WORK REQUEST:
In the entries below, find the line with "EIne junge Frau" and the line with "Waves roll onto", then retype both and everything between them exactly. Do not copy the pictures.

RECORDS FOR PROCESSING:

---

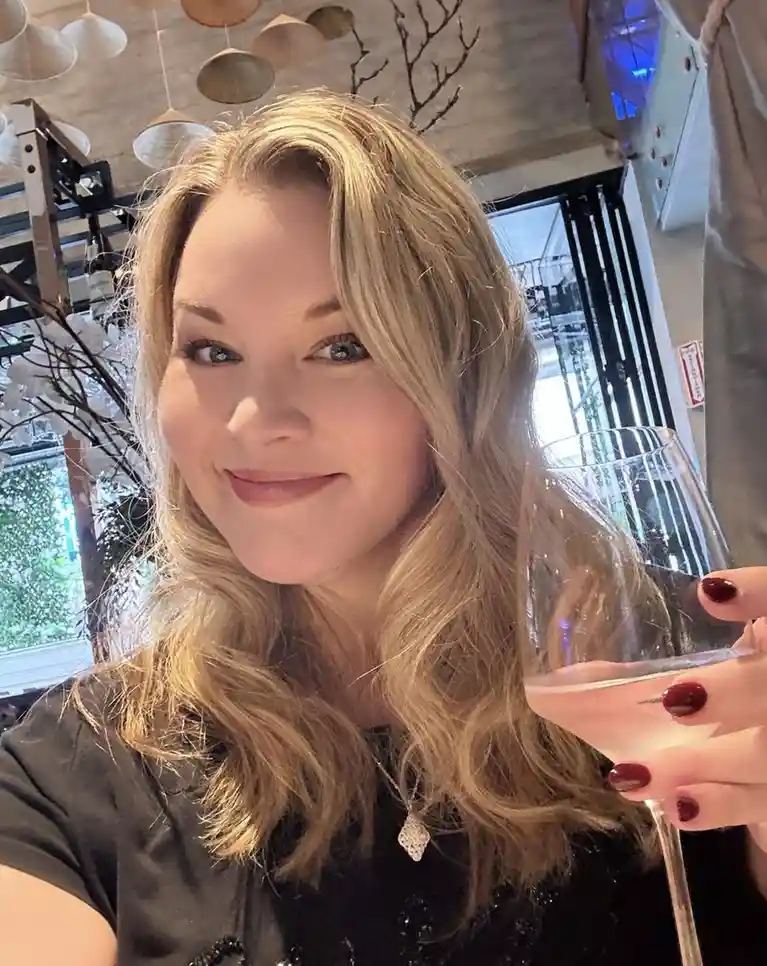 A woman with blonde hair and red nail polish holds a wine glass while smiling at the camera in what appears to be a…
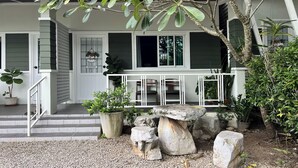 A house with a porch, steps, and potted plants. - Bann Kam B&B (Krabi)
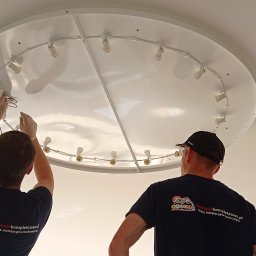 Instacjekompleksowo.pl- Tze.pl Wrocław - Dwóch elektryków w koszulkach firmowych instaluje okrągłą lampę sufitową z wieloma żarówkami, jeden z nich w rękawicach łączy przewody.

---

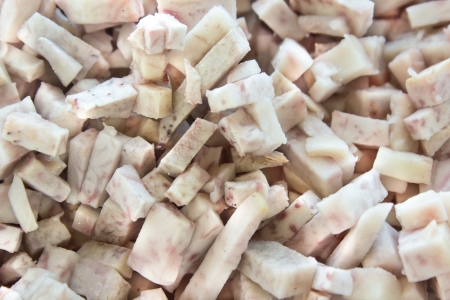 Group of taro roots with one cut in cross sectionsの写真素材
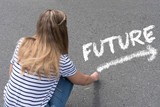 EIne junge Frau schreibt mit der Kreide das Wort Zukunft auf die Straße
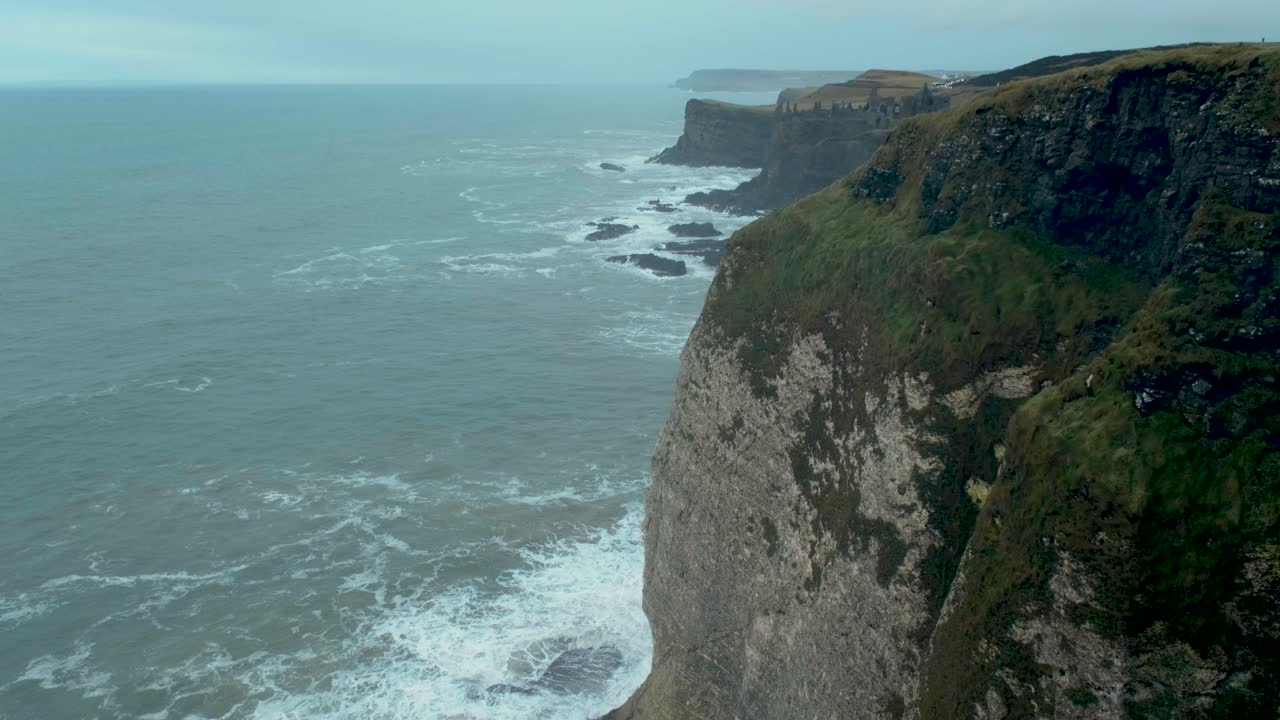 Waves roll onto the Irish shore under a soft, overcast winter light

---

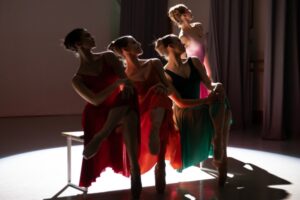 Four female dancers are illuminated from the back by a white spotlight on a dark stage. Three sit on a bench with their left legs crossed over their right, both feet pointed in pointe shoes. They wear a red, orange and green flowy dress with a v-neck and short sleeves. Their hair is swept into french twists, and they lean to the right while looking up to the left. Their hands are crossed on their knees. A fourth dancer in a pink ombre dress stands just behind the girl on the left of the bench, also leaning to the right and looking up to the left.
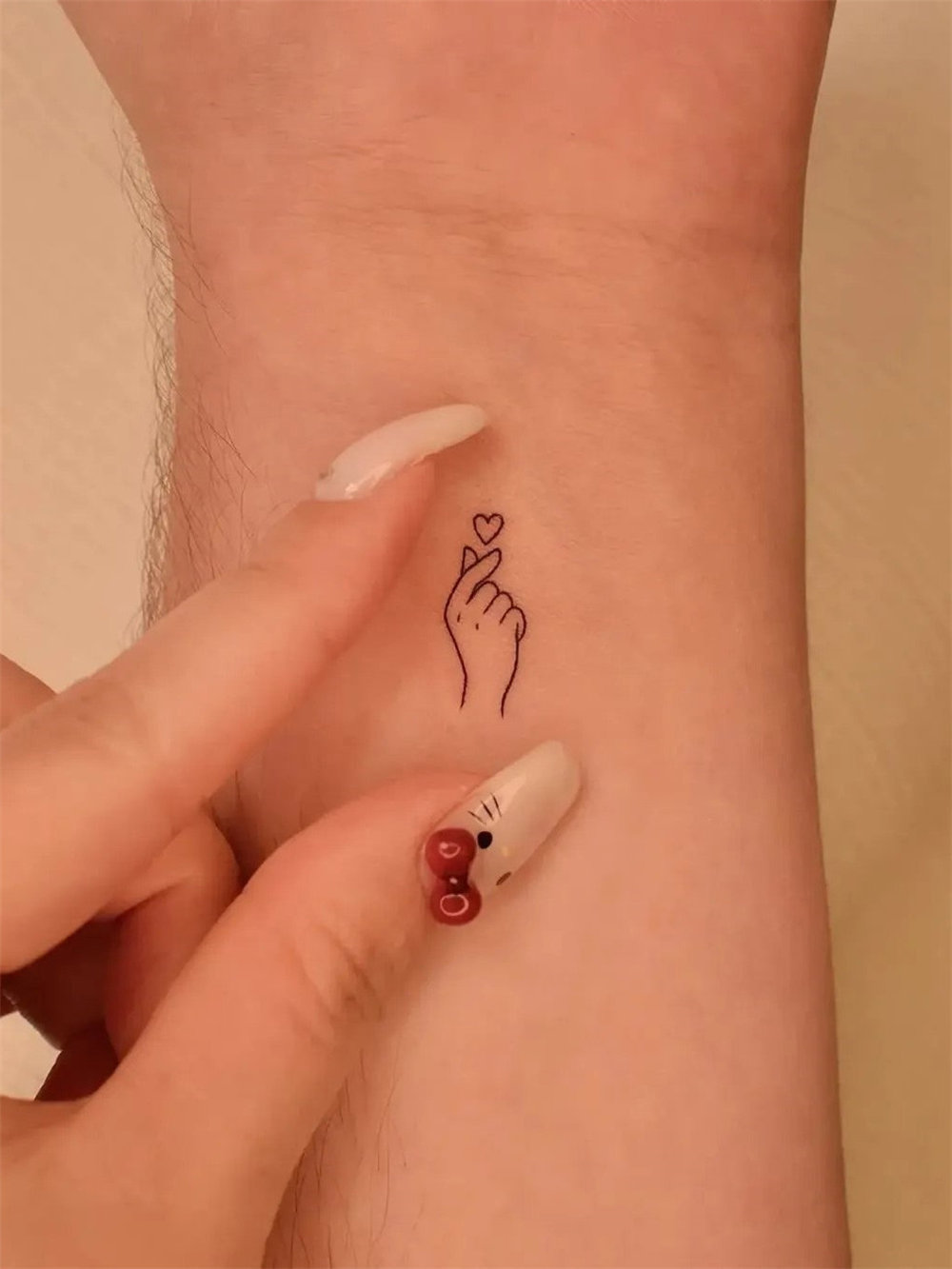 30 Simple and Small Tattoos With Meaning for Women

---

ANSWER FOR THIS EXERCISE:
 EIne junge Frau schreibt mit der Kreide das Wort Zukunft auf die Straße
 Waves roll onto the Irish shore under a soft, overcast winter light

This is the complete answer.